- Your task -
For the material below, set down exactly the lines between the one containing "Apartamento à venda" and the last line, both included, leaving every picture out.

(Exercise materials Opens)

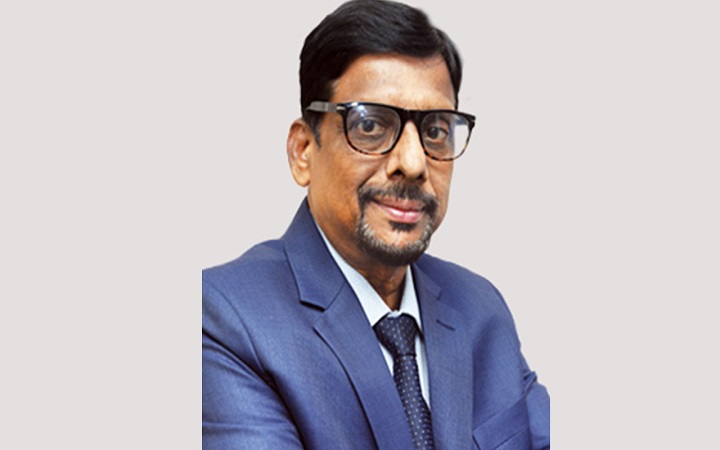 সোশ্যাল ইসলামী ব্যাংকের নতুন ডিএমডি নাজমুস সায়াদাত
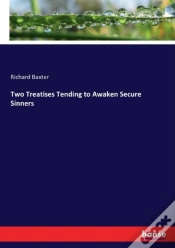 Capa do artigo Two Treatises Tending To Awaken Secure Sinners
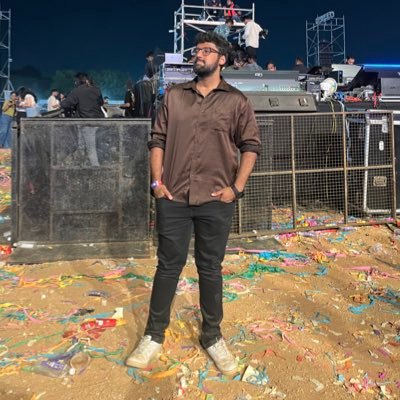 ranjanbinwani_'s profile picture. Software Engineer👨‍💻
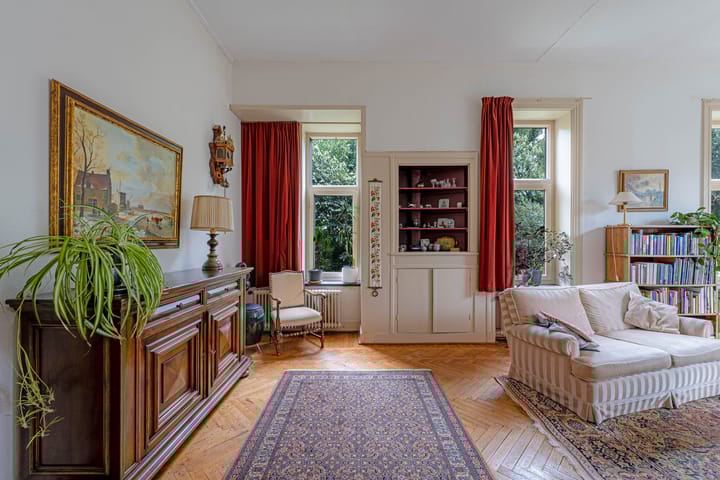 Foto 9 van Borneolaan 7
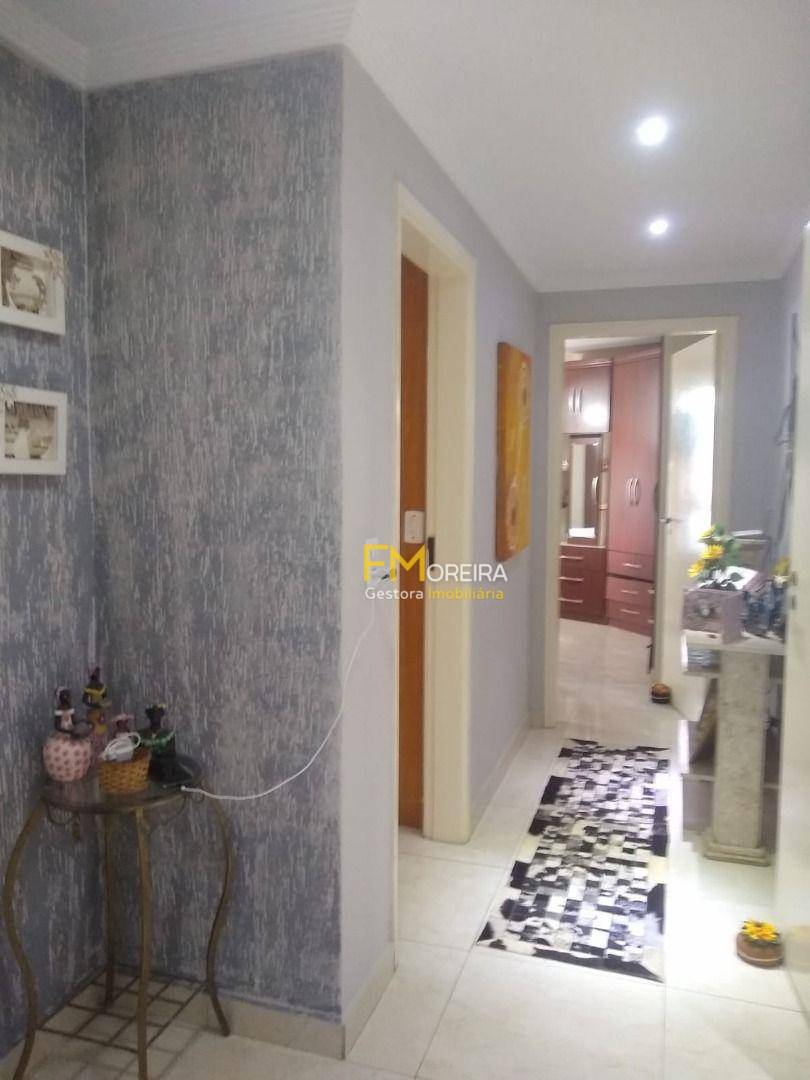 Apartamento à venda com 3 quartos, 163m² - Foto 13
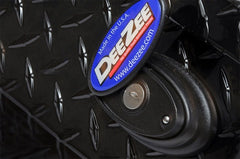 Dee Zee DZ9170WB Tool Box - Blue Crossover - Single Lid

(Exercise materials Closes)

- Response to this exercise -
 Apartamento à venda com 3 quartos, 163m² - Foto 13
 Dee Zee DZ9170WB Tool Box - Blue Crossover - Single Lid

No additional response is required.